7 2. Es handelt sich hier auch um zusammenhängende Dienstvergehen mehrerer Soldaten im Sinne des § 70 Abs. 3 WDO. Die Wehrdisziplinarordnung enthält keine ausdrückliche Regelung darüber, unter welchen Voraussetzungen ein Zusammenhang zwischen mehreren Dienstvergehen besteht. Der Wortlaut besagt nur, dass persönliche oder sachliche Gründe eine Art Klammer zwischen den Dienstpflichtverletzungen bilden müssen. Doch lässt sich dem Regelungszusammenhang, der Entstehungsgeschichte und dem daraus ableitbaren Zweck der Vorschrift entnehmen, dass ein Zusammenhang zwischen mehreren Dienstvergehen jedenfalls dann anzunehmen ist, wenn Gegenstand der unterschiedlichen Disziplinarverfahren eine einheitliche Straftat ist, bei der die betroffenen Soldaten als Mittäter oder Teilnehmer beteiligt waren und mehrere Verfahren zu diesem Zweck bei dem für zuständig erklärten Gericht zur gemeinsamen Verhandlung verbunden werden sollen (vgl. Beschlüsse vom 26. Februar 2009 - BVerwG 2 WDB 1.09 - Buchholz 450.2 § 70 WDO 2002 Nr. 2 und vom 16. März 2010 - BVerwG 2 WDB 1.10 -).

8 Diese Voraussetzungen sind hier gegeben. Den beteiligten Soldaten wird vorgeworfen, als Mittäter einer gefährlichen Körperverletzung ihre Dienstpflichten verletzt zu haben. Auch das Strafverfahren vor dem Amtsgericht N. richtete sich gegen beide Soldaten. Es ist auch davon auszugehen, dass nach Bestimmung des Truppendienstgerichts Süd als zuständiges Gericht die beiden Verfahren zur gemeinsamen Verhandlung und Entscheidung verbunden werden.
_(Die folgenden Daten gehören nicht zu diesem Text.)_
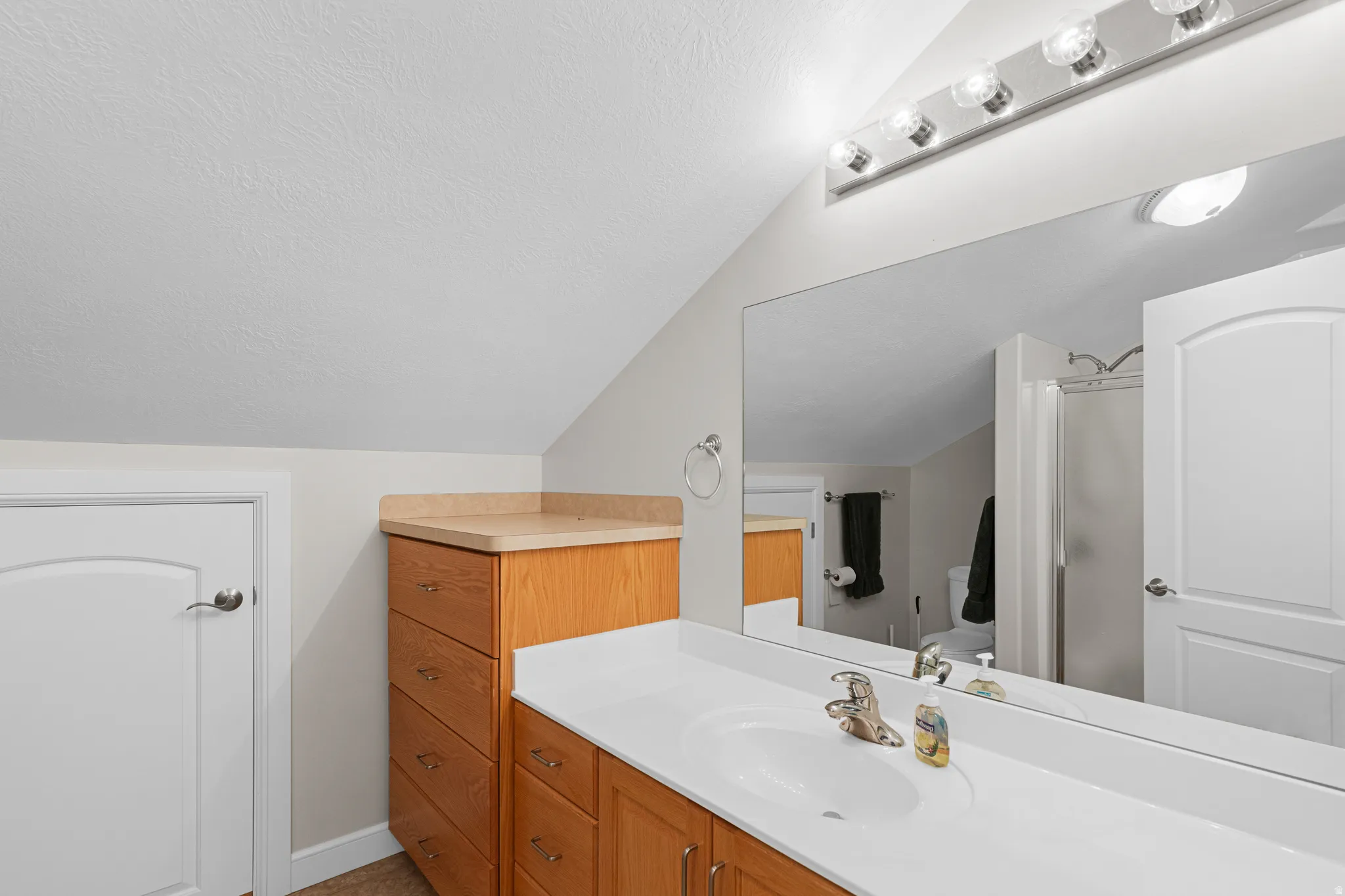 Bathroom vanity featuring a single basin sink and light wood cabinetry, complemented by a large wall-mounted mirror with overhead bar lighting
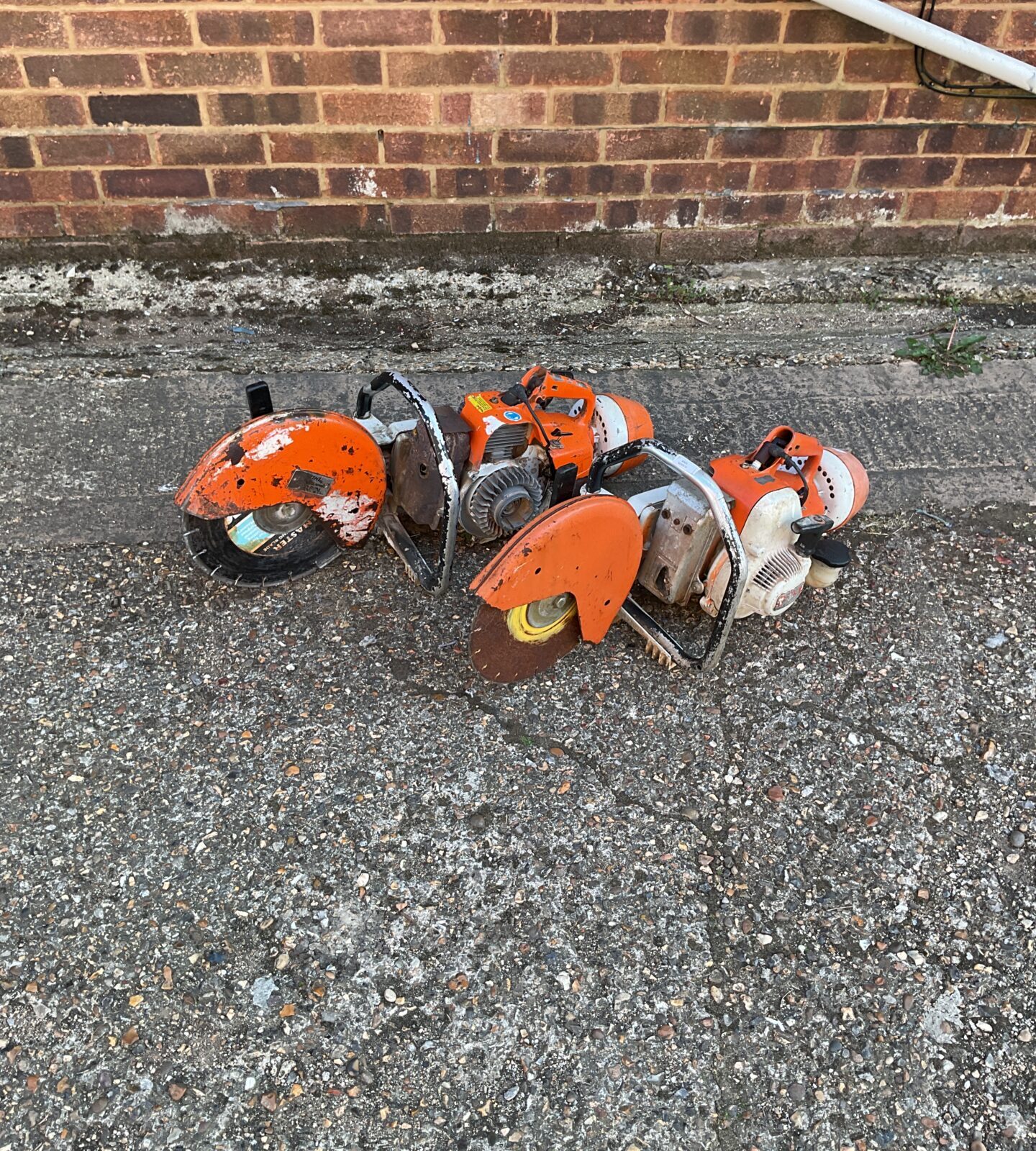 Two stihl petrol stone cutters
9 3. Als zuständiges Gericht war das Truppendienstgericht Süd zu bestimmen, weil der Tatort im örtlichen Zuständigkeitsbereich des Truppendienstgerichts Süd gelegen ist. Es kommt noch hinzu, dass die erste Anschuldigungsschrift beim Truppendienstgericht Süd eingegangen ist. Die Bestimmung der zuständigen Kammer innerhalb des Truppendienstgerichts Süd gehört nach dem eindeutigen Wortlaut des § 70 Abs. 3 WDO nicht zur Aufgabe des Senats im Rahmen der Zuständigkeitsbestimmung; sie richtet sich vielmehr nach dem Geschäftsverteilungsplan des Truppendienstgerichts Süd und müsste gegebenenfalls durch das Präsidium des Truppendienstgerichts Süd erfolgen (vgl. Beschluss vom 31. August 2006 - BVerwG 2 WDB 2.06 - Buchholz 450.2 § 70 WDO 2002 Nr. 1).